= Iana Matei =

Romanian activist (born 1960)

Iana Matei is a Romanian activist and founder of Reaching Out Romania, an organisation which aims to find and rehabilitate victims of forced prostitution and sex trafficking.

==Early life==
Iana Matei was born in Orăștie, Romania. Her mother was a pentathlete, and her father was a football coach. When Matei was three years old, her family moved to Bucharest due to her father's work, then later moved to the industrial city of Pitești.

Matei met her husband Dmitri while she was restoring the Ghica Tei palace. They married and had a son. Matei later divorced Dmitri due to domestic violence, abuse, and alcohol abuse issues.

In 1989, at the start of the Romanian Revolution, Matei participated in riots and other protest activities against the Communist government. After an incident where Matei lost her bag with her identity documents during a protest in University Square, she believed it was no longer safe to stay in the country and fled. She left her son with her mother and illegally immigrated to Serbia, where she was captured and sentenced to twenty days of imprisonment.

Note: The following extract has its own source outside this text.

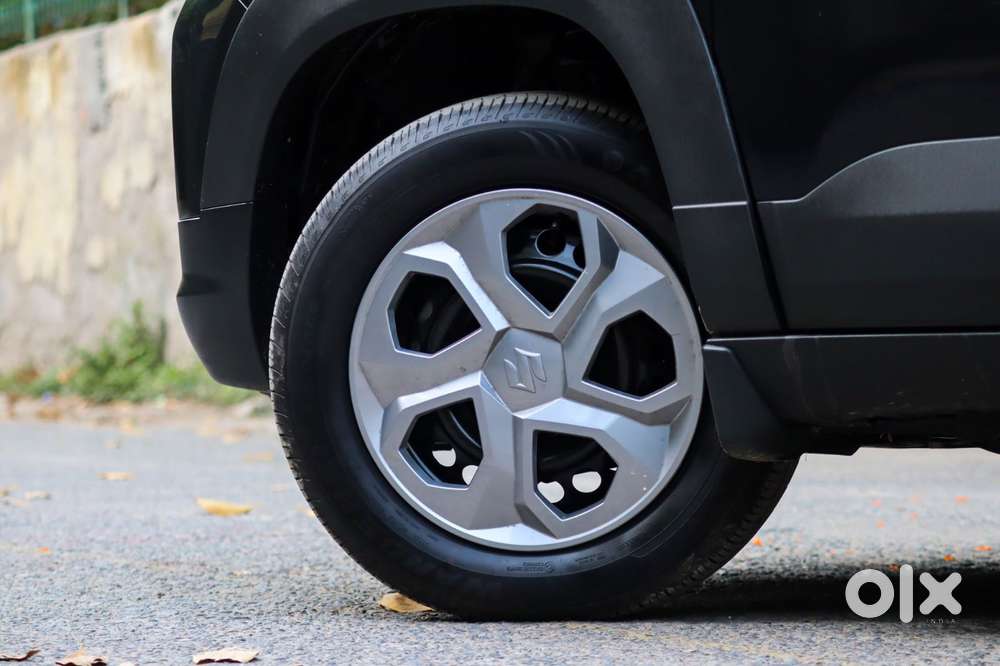 Maruti Suzuki Brezza 1.5 Vxi At Smart Hybrid, 2025, Petrol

During her confinement, Matei went on a hunger strike, insisting that a representative of the United Nations High Commissioner for Refugees (UNHCR) visit her and acknowledge her presence. After her sentence was completed, Matei was relocated to a Serbian refugee camp, where she was hired as a translator for UNHCP. Matei's son reunited with her from Romania, and the two moved to Australia and have become involved with humanitarian work.

On January 20, 2010, Matei was named "European of the Year" by Reader's Digest.

Matei published A vendre, Mariana, 15 ans, in 2010 (OH! Editions, France).

==Humanitarian work==
As part of a diploma in psychology, Matei worked with homeless children in Australia. In 1998, Matei and her son returned to Pitești and began working on behalf of homeless children.

In 1999, Matei was asked by police to bring some clothes for prostitutes they had arrested. Matei brought food and clothes for the girls, only to realize they were all underage and forced to be prostitutes. Matei became angry as the police officers refused to acknowledge that three girls were under-age victims of human trafficking.

Matei set up the charity Reaching Out Romania to end sex slavery, and opened a shelter, "The House of Treasure".